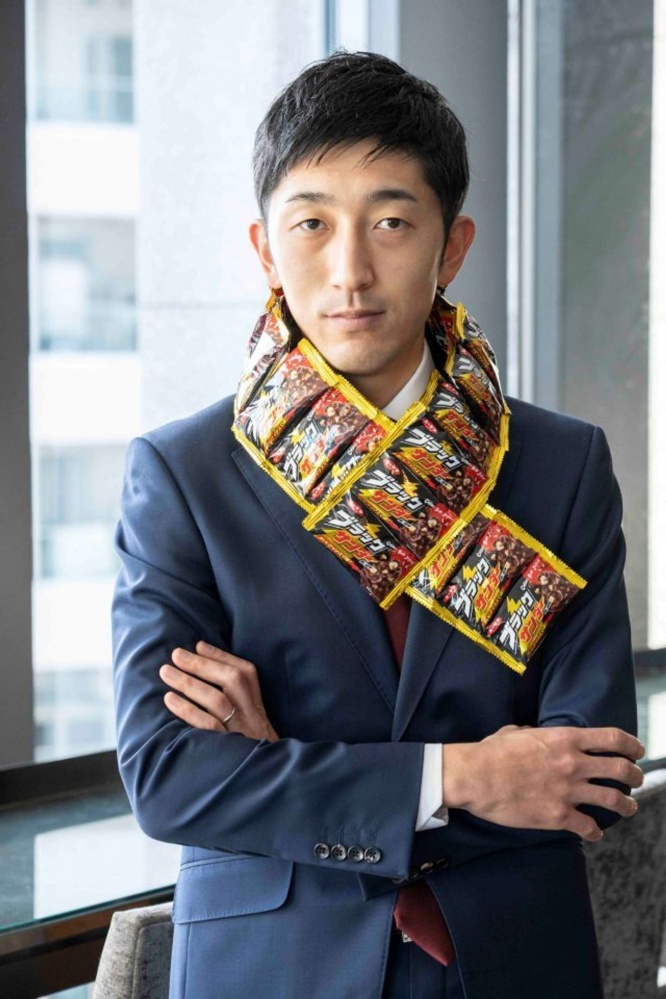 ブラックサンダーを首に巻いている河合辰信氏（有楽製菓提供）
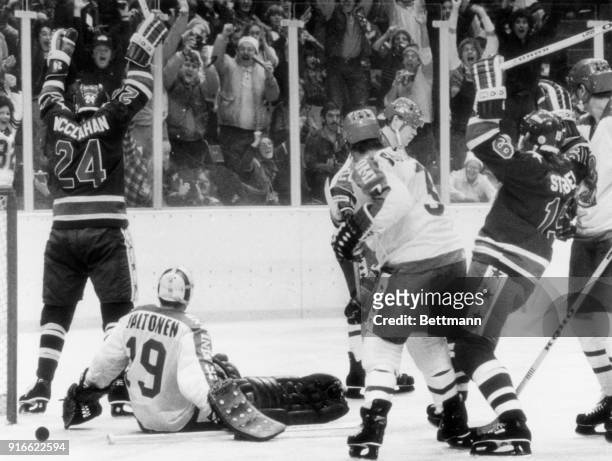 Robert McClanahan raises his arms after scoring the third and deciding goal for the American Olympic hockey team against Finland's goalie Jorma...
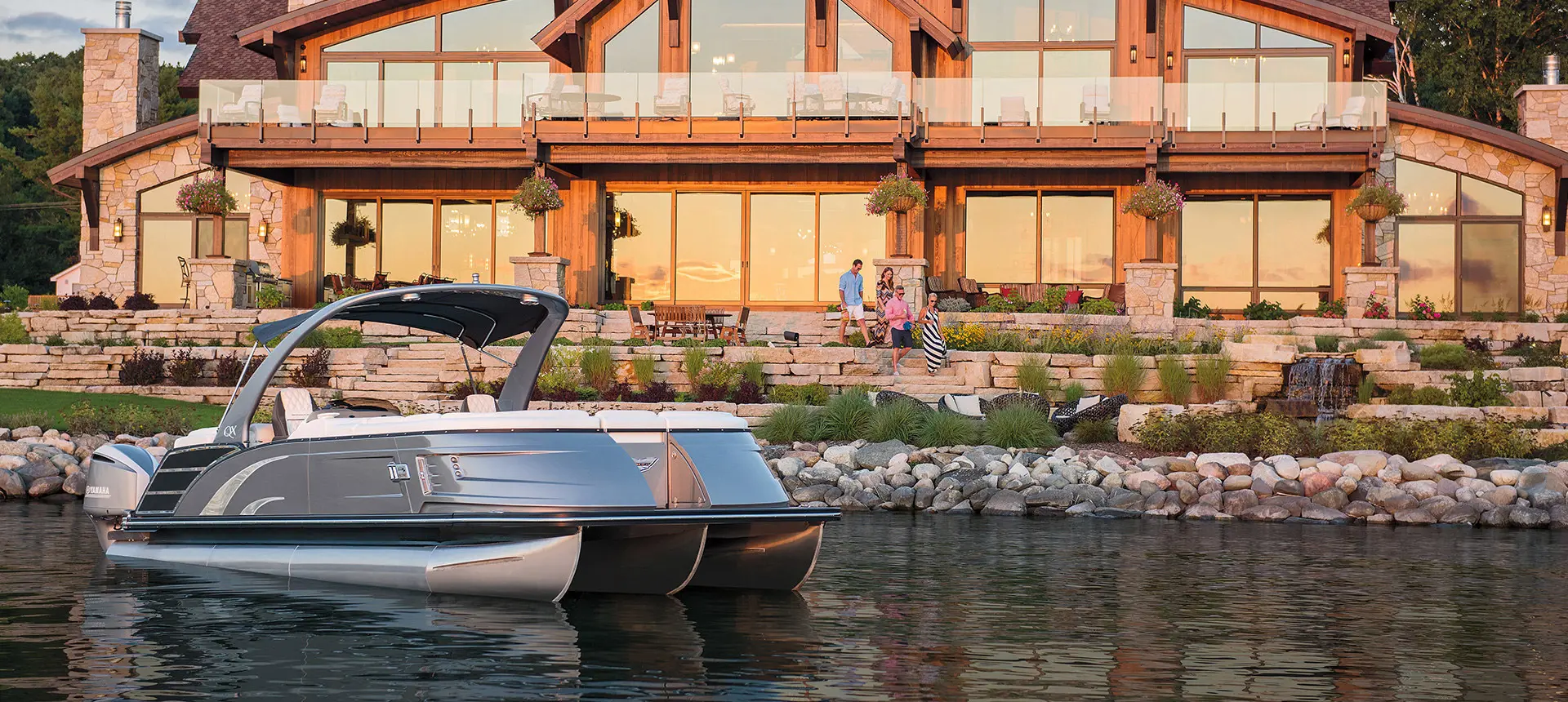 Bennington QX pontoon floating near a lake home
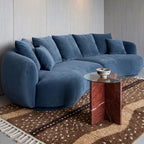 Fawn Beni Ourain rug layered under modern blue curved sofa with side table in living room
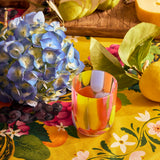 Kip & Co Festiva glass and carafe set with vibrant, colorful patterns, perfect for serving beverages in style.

§ Your instructions: Omitting all images, retype each line of the records precisely.

§ Task response:
 ブラックサンダーを首に巻いている河合辰信氏（有楽製菓提供）
 Robert McClanahan raises his arms after scoring the third and deciding goal for the American Olympic hockey team against Finland's goalie Jorma...
 Bennington QX pontoon floating near a lake home
 Fawn Beni Ourain rug layered under modern blue curved sofa with side table in living room
 Kip & Co Festiva glass and carafe set with vibrant, colorful patterns, perfect for serving beverages in style.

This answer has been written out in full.